Mama coughs again on the end of the line. “Course I would. Just want my babies to come see me out here first.” She says it and it sticks onto the insides of my stomach, the way Mama makes everything into a deal.

“Mama, we ain’t gonna try to get you out again or nothing. Can’t do it even if I wanted to. You in a halfway house now, you should be happy about that. And you know Marcus not going nowhere for you.” My teeth grind and I don’t know why she always makes me say it, crush all the parts of me that just want her to hold me and hum.

“You gotta talk to him, Kiara, really talk to him. I know you ain’t been trying like that and it’s okay, baby, I just need you to come here. Give me an hour and I’ll give you all your uncle’s shit. We got visiting hours Saturday morning. I know I’ll see my babies there. You be there.”

And Mama repeats this, goes on about all the things we’re gonna do together. I don’t say nothing else because her voice is here, breathing into me. I sit down on the tile floor, close my eyes, lean back against the wall, let the phone send her voice right to me, let the heat melt me away. Mama hangs up at some point, the bathroom lightbulb goes out at some point, and I drip into sleep at some point. The night blurs together into a stream of Mama’s voice.

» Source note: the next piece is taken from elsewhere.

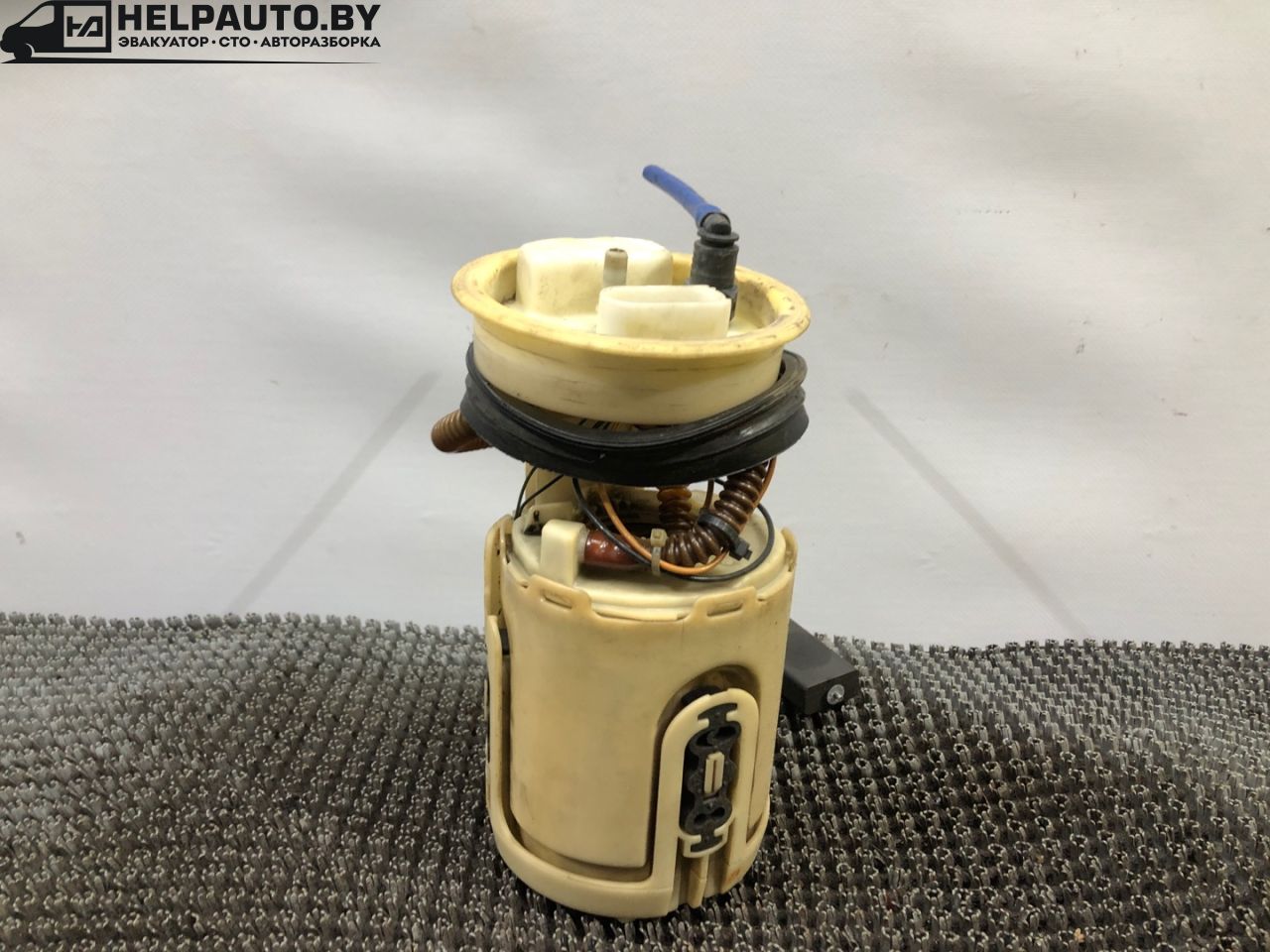 колба в бак Volkswagen Polo 3 поколение 1999, 1.4 л., бензин, МКПП, черный, хетчбэк 3 дв., передний привод - фото №1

The bus ride up to Mama is loud. The windows don’t open and the whole vehicle is a fever of noise and muck and bodies without destinations. I didn’t even know there was a bus to Stockton, but I looked it up and got on the first one this morning straight out of Oakland right through Dublin to Mama. When I boarded the bus, I already knew it would be hours of waiting to escape. I have a window seat, but this woman with three trash bags full of clothes decided to sit next to me and I swear those bags smell like the section of West Oakland right by the wastewater treatment plant.

Yesterday I went to the studio looking for Marcus and found him where he always is, rapping some nonsense. I begged him to come visit Mama with me, but he refused, over and over again, no matter how many of my tears escaped, said he’d already tried working at the club for me, that he needed space to record his album.

Not long after I left Marcus, Alé called and asked if I wanted to share a washer at the laundromat down the street with her. I haven’t seen Alé in a while, but after everything with Marcus I couldn’t imagine sitting and waiting in the apartment for night to come, so I said yes. Still, when I went to the apartment to fill a pillowcase with my dirty clothes, the only ones I could find were Marcus’s. So I took Marcus’s laundry to meet Alé and when I poured it into her basket, she looked up at me like a bloody knife had fallen in there with all the clothes.